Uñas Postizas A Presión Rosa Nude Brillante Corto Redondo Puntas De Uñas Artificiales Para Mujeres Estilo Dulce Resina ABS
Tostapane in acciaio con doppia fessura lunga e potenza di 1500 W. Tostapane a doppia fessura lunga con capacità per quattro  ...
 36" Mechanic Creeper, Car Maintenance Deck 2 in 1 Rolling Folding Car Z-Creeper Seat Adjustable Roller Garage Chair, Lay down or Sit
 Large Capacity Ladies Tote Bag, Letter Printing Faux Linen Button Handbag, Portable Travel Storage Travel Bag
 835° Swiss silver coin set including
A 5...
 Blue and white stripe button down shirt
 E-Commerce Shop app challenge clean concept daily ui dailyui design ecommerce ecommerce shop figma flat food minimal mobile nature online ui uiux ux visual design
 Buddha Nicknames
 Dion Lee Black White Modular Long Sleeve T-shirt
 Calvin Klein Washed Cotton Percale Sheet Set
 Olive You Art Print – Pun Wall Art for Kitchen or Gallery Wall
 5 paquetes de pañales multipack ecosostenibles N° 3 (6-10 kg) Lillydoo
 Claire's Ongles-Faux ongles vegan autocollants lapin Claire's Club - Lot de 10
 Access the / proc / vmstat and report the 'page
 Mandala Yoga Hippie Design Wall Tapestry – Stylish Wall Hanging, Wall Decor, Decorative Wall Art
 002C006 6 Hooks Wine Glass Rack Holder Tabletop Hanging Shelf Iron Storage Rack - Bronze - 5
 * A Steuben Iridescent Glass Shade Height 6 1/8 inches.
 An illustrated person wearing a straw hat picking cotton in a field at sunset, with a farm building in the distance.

==*==

Work item: Return, from the material above, every line with the word "Storage".

Expected output:
 Large Capacity Ladies Tote Bag, Letter Printing Faux Linen Button Handbag, Portable Travel Storage Travel Bag
 002C006 6 Hooks Wine Glass Rack Holder Tabletop Hanging Shelf Iron Storage Rack - Bronze - 5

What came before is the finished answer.